(Pictures with short captions)
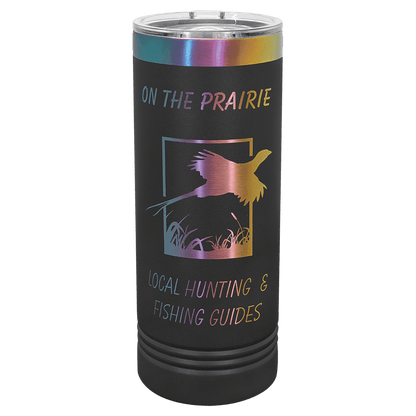 Personalized 22 oz Prism Lip Skinny Tumbler – Custom Laser-Engraved Travel Mug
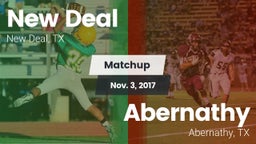 Matchup: New Deal  vs. Abernathy  2017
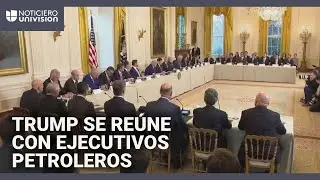 Detalles de reuni&oacute;n de Trump con ejecutivos petroleros de EEUU en busca de inversores en Venezuela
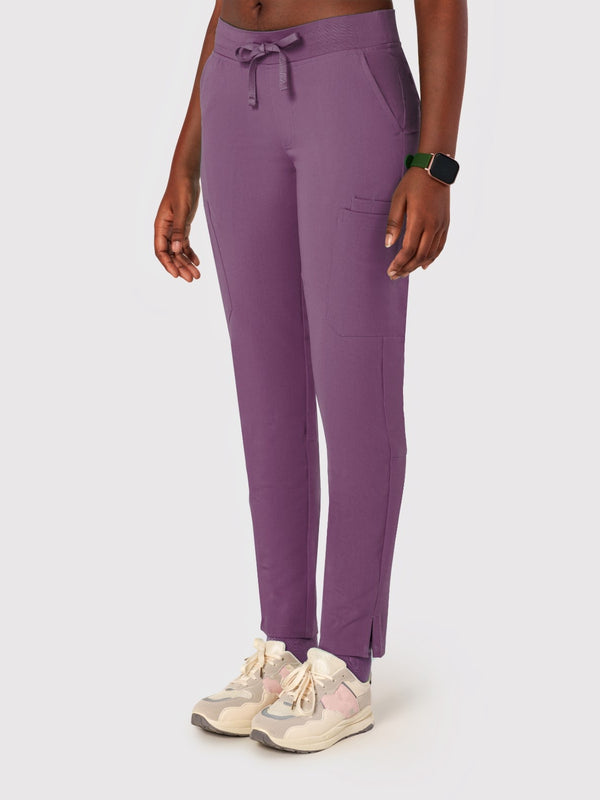 Sleek Eight-Pocket Slim Scrub Pant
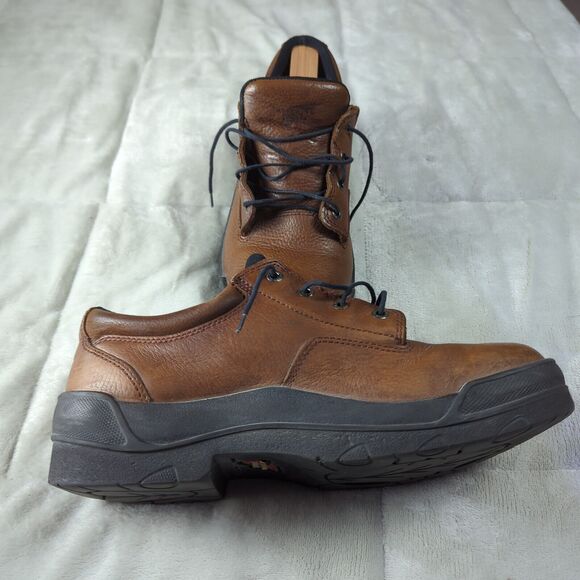 Red Wing Men's Steel Toe Model 6611 Made USA Work Shoes Size 9.5D Brown Leather - Picture 5 of 10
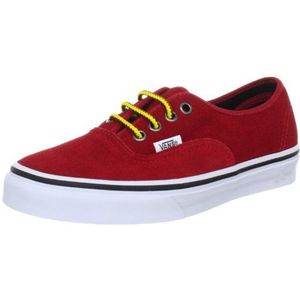 Vans Authentic VQER71K Klassieke sneakers voor volwassenen, uniseks, Rood Hiker Suede Chili Pepper, 36 EU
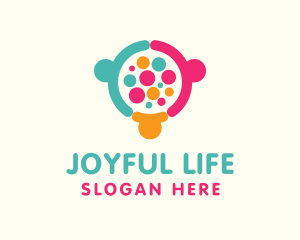 Happiness - Colorful Community Group logo design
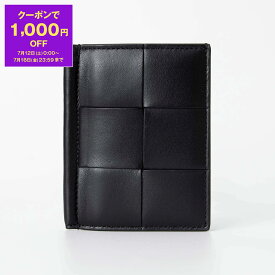 【1,000円クーポン対象】ボッテガヴェネタ BOTTEGA VENETA レディース カードケース ブラック CASSETTE SLIM FLAP CARD CASE [カセット] 787901 VCQC1 8425 BLACK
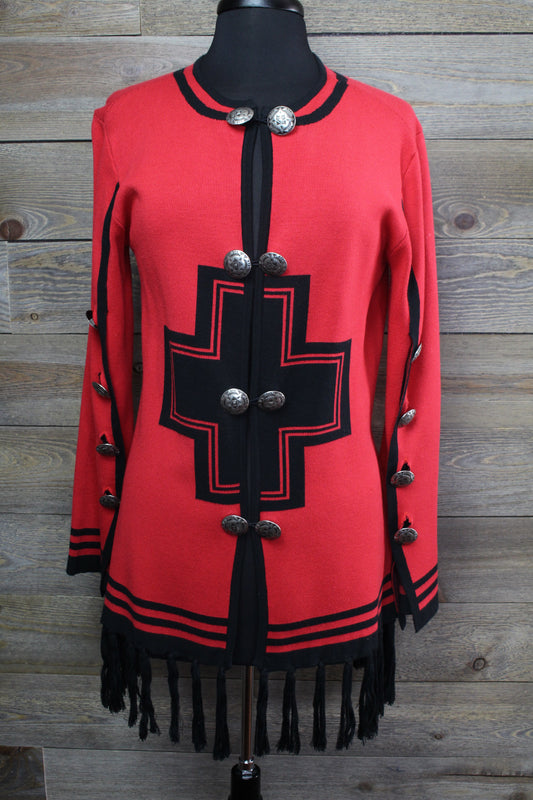 Warrior Red & Black Sweater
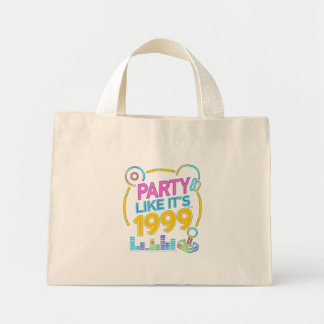 Party Like It’s 1999®™ – Neon Soundtrack  Mini Tote Bag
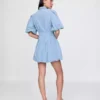 Bubble hem denim dress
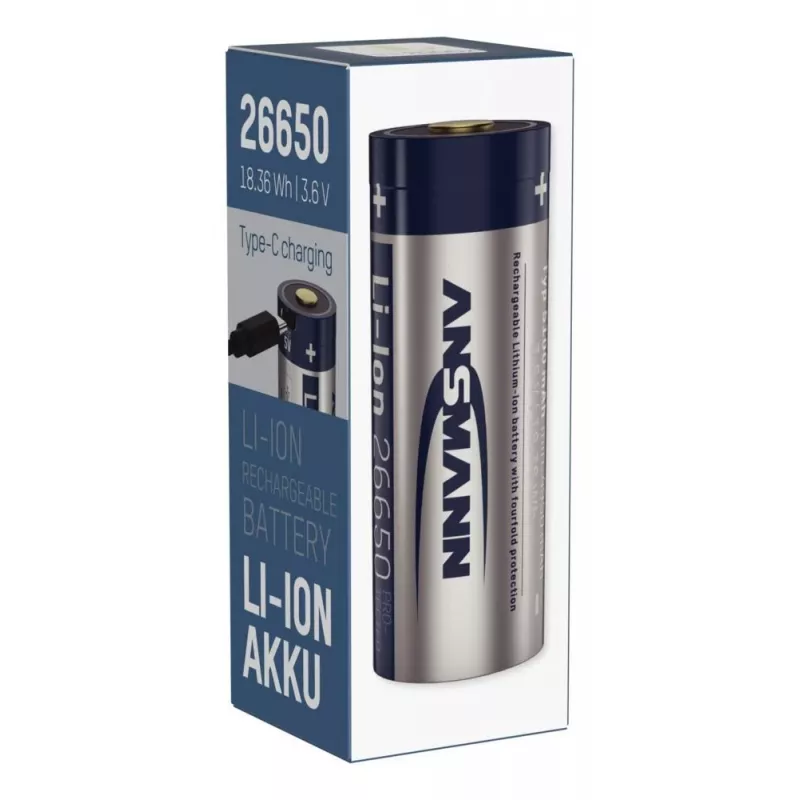 Įkraunama baterija Ansmann 1307-0012 Ličio jonų 3.6 V 26650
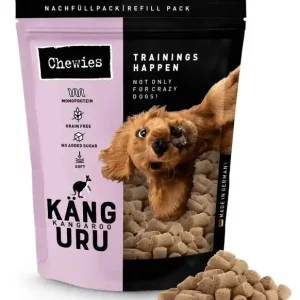 BALENÍ 6 ks – Chewies Trainings-Happen Känguru – klokaní 175 g Sleva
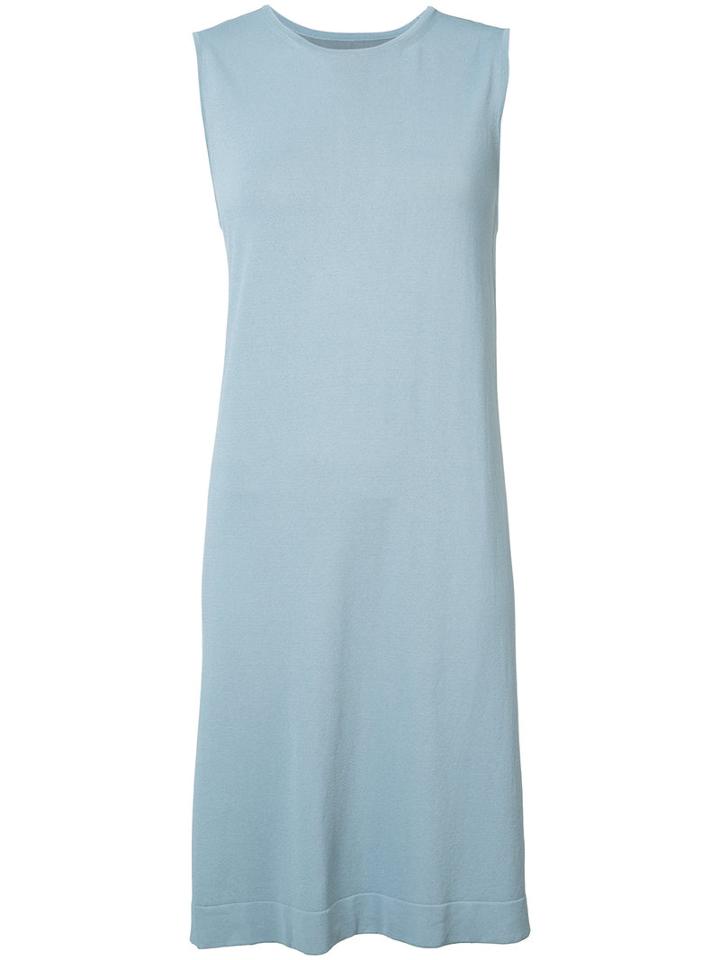 Maison Margiela - Back Band Tank Dress - Women - Polyester/viscose - M, Blue, Polyester/viscose
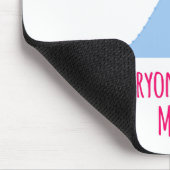 Vermeiden Sie die Spitze des Mousepad (Ecke)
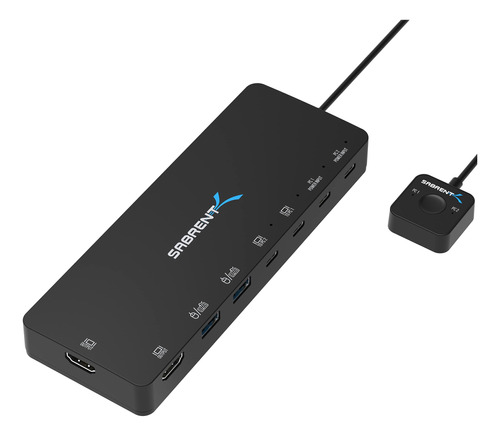 Sabrent Interruptor Kvm Dual Usb Tipo C Entrega Energia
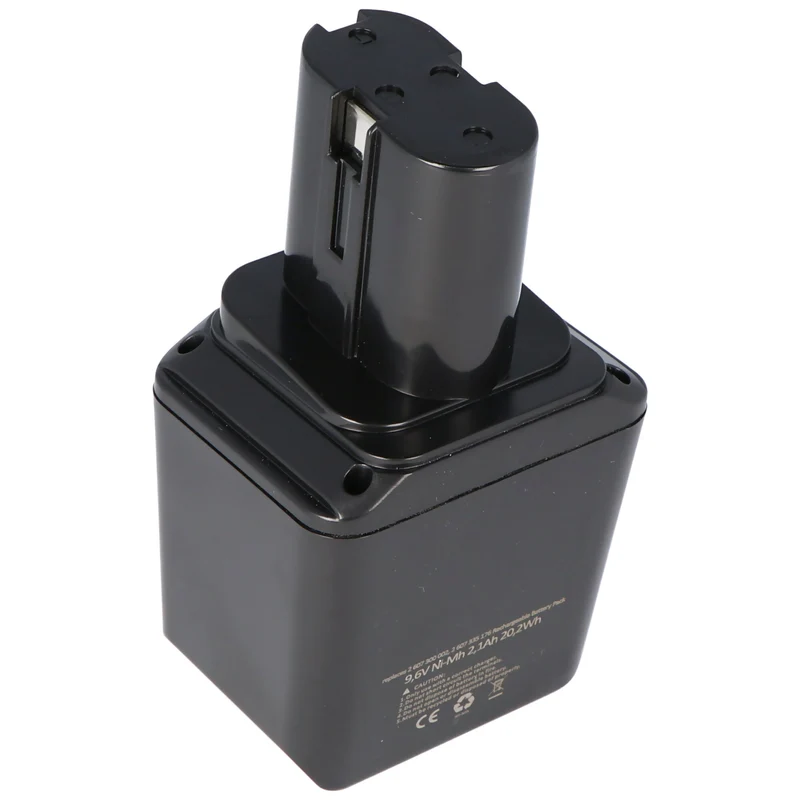 AccuCell Akku passend für den Bosch Akku 2 607 300 002 flache Seite, alte Version 9,6 Volt 2000mAh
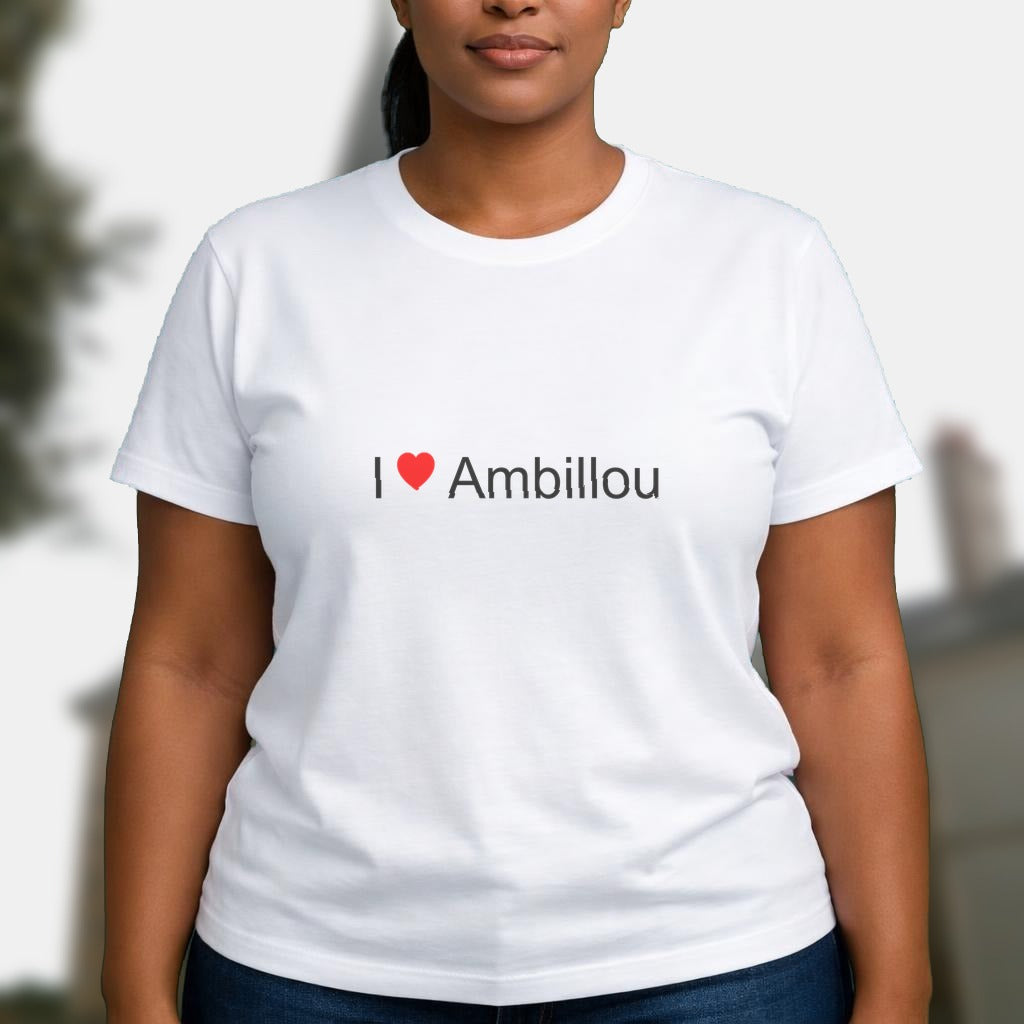 T-shirt I love ambillou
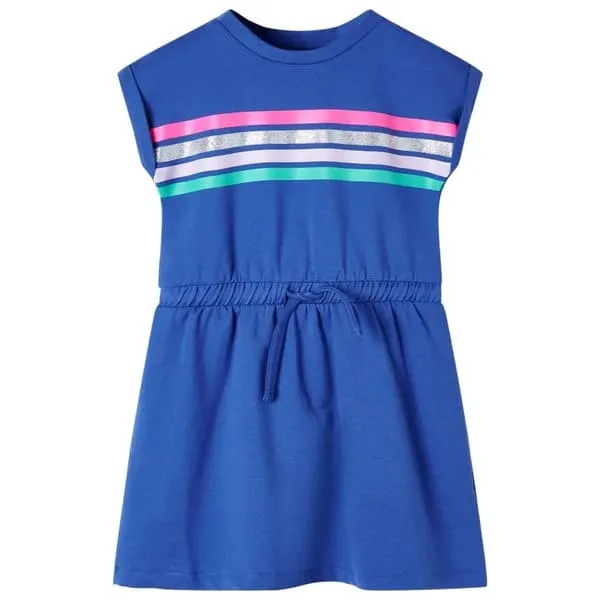 MamaSuzi Cobalt Stripe Playful Knot Dress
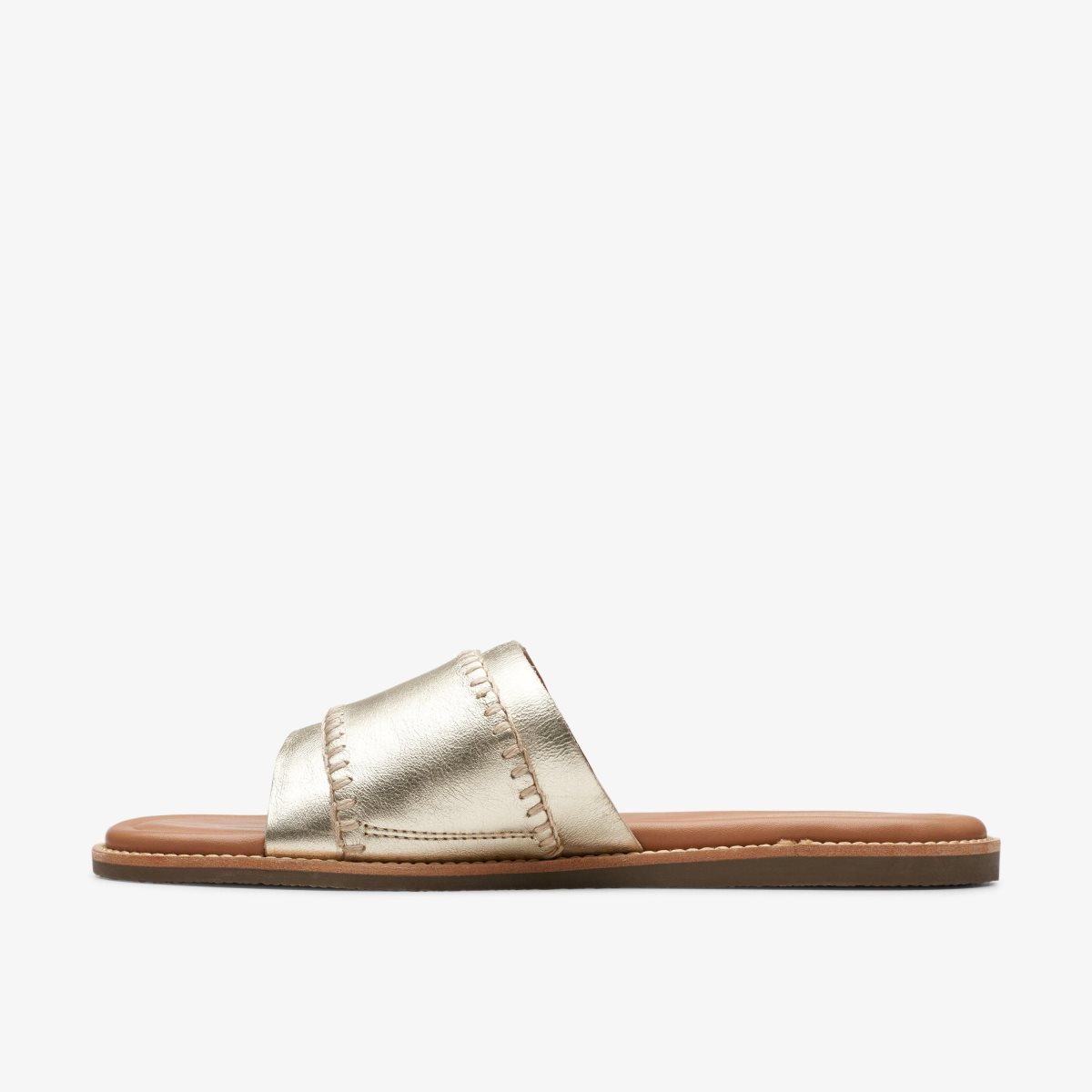 Clarks Maritime Mule Champagne Leather Kadın Sandalet Champagne | 36125HKIJ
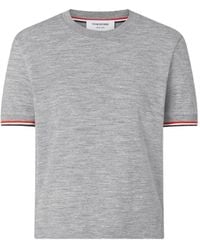 Thom Browne - Rib-Cuff Jersey T-Shirt - Lyst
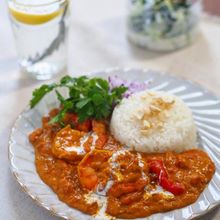 フライパンで速攻!煮込み時間短縮「エビカレー」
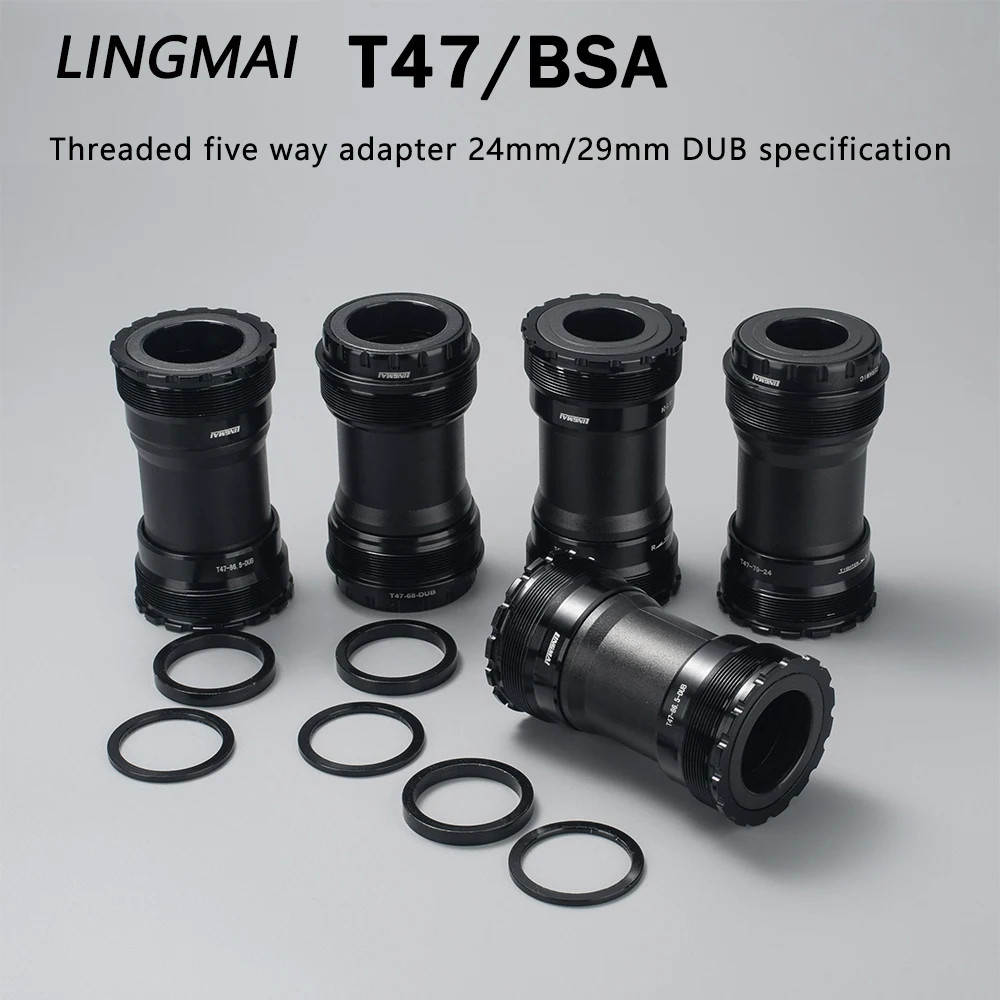 Bicycle Bottom Bracket Ceramic Bearing BB T47 Thread 68Mm 73Mm 86.5Mm Bsa 68Mm 7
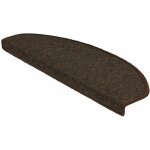 Tapis d'escalier london marron fonc 23, 5 x 65 cm demi - circulaire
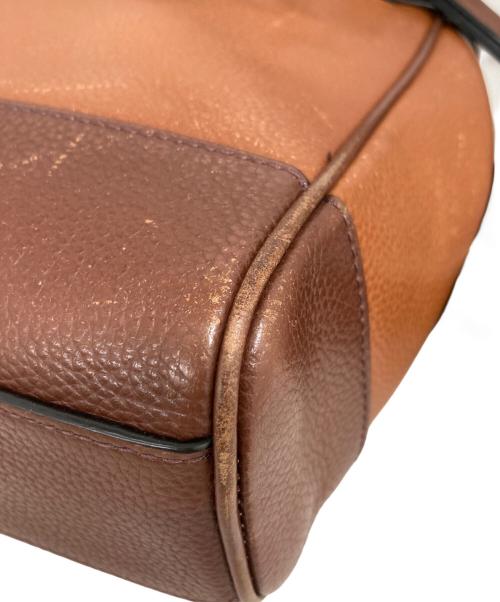 COACH（コーチ）COACH (コーチ) カラーブロックメッセンジャーバッグ ブラウンの古着・服飾アイテム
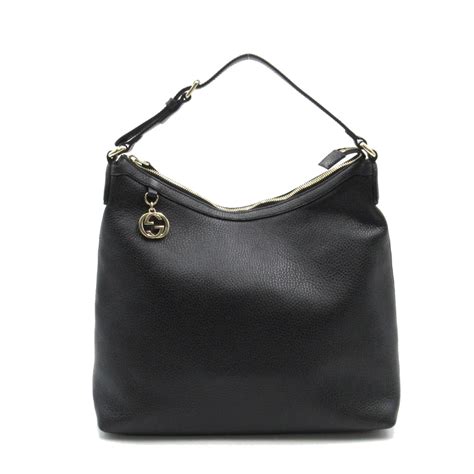 brand new gucci black leather handbag 449711|gucci handbags black leather small.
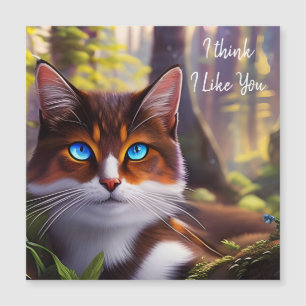 Blue Eyed Cat in the Woods *personalise*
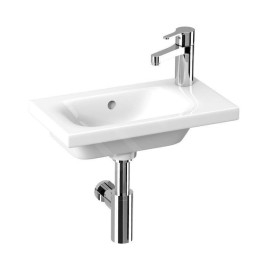 Jika Mio-N - Lave-mains 450x250 mm, avec trop-plein, Jika perla, blanc H8157141001061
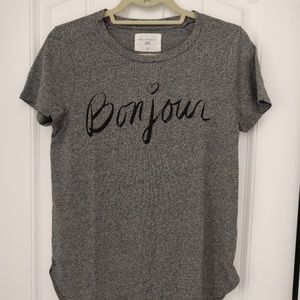 Anthropologie Sol Angeles BONJOUR T-Shirt S M L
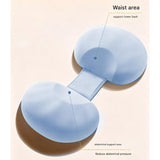 Grey Memory Foam Pregnancy Support Pillow for Side Sleeping, Adjustable Maternity Belly and Back Support Cushion, Pregnancy Wedge Pillow for Hip, Waist and Back Relief - 45-Degree Angle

◆ Directions: Write out exactly the lines from the one that contains "Jika Mio-N - Lave-mains" through the last line of the data above, both included. Leave every picture out.

◆ Task result:
 Jika Mio-N - Lave-mains 450x250 mm, avec trop-plein, Jika perla, blanc H8157141001061
 Anthropologie Sol Angeles BONJOUR T-Shirt S M L
 Grey Memory Foam Pregnancy Support Pillow for Side Sleeping, Adjustable Maternity Belly and Back Support Cushion, Pregnancy Wedge Pillow for Hip, Waist and Back Relief - 45-Degree Angle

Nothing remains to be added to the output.